**YOUR TASK:** In the listing below, the lines starting at the line with "Coque Huawei Ascend G740 KLCC by night" and ending at the line with "Audi A6 50 TDI Quattro Tiptronic" are to be output verbatim. Images stay out of the copy.
=== RECORDED DATA ===
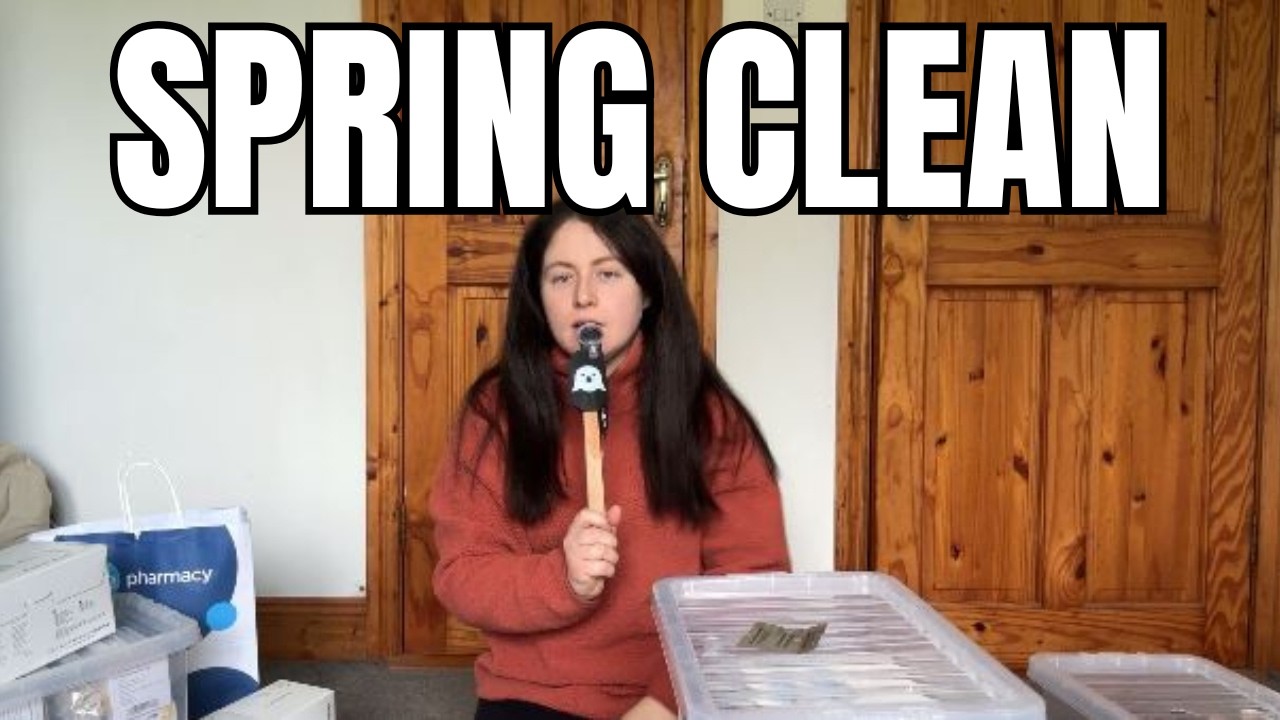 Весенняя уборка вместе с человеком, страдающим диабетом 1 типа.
===
=== RECORDED DATA ===
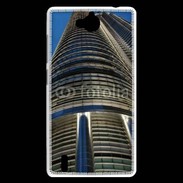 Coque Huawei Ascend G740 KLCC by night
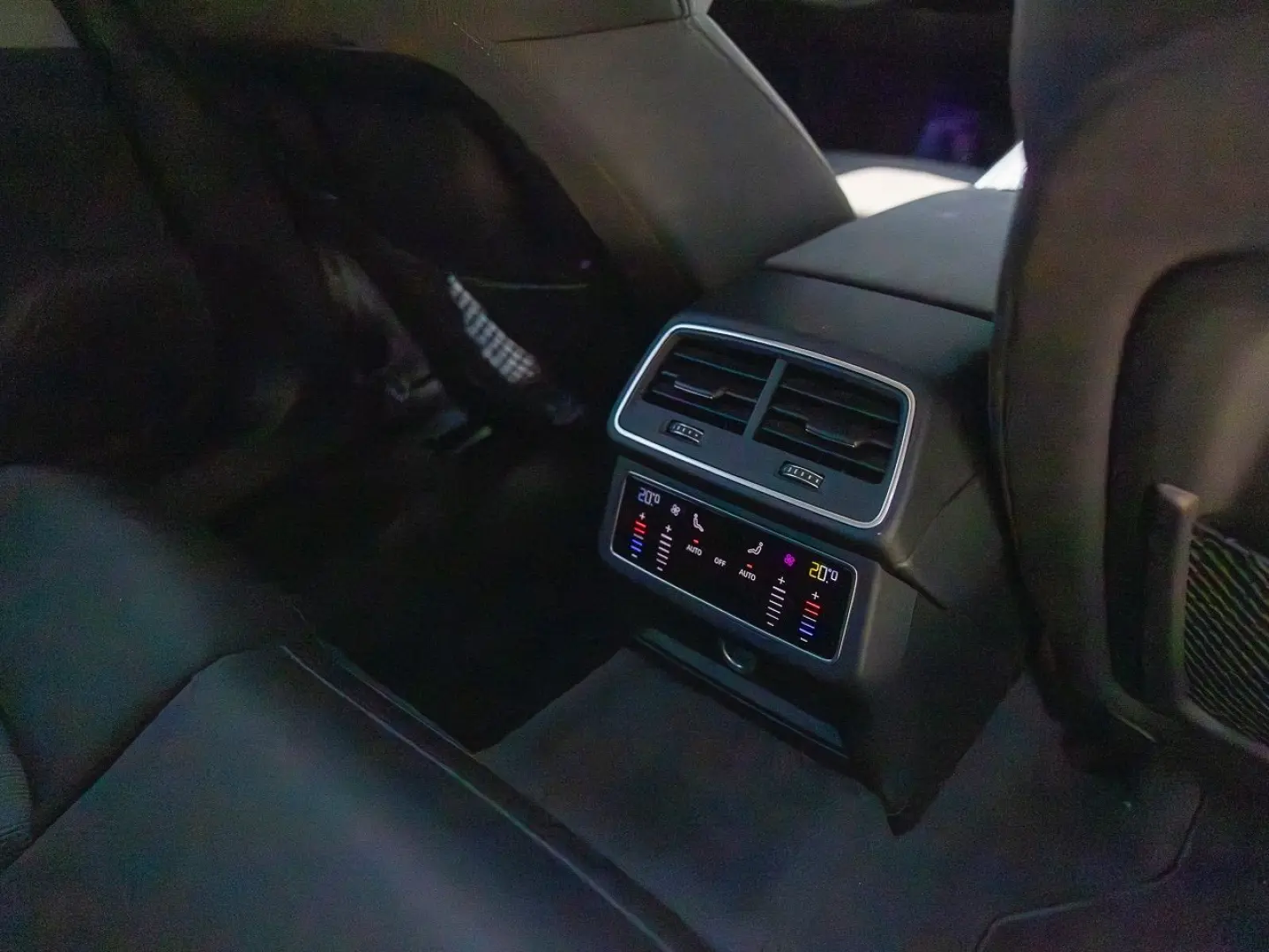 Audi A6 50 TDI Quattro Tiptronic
===
=== RECORDED DATA ===
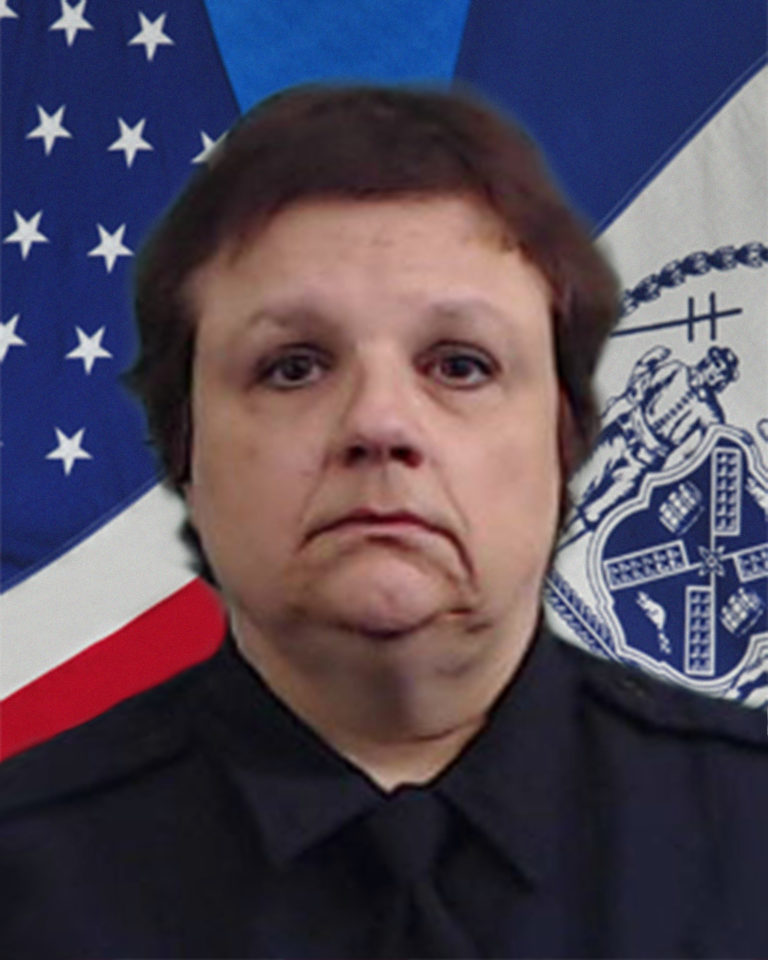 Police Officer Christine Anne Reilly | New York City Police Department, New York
===
**SOLUTION TO THIS PROBLEM:**
 Coque Huawei Ascend G740 KLCC by night
 Audi A6 50 TDI Quattro Tiptronic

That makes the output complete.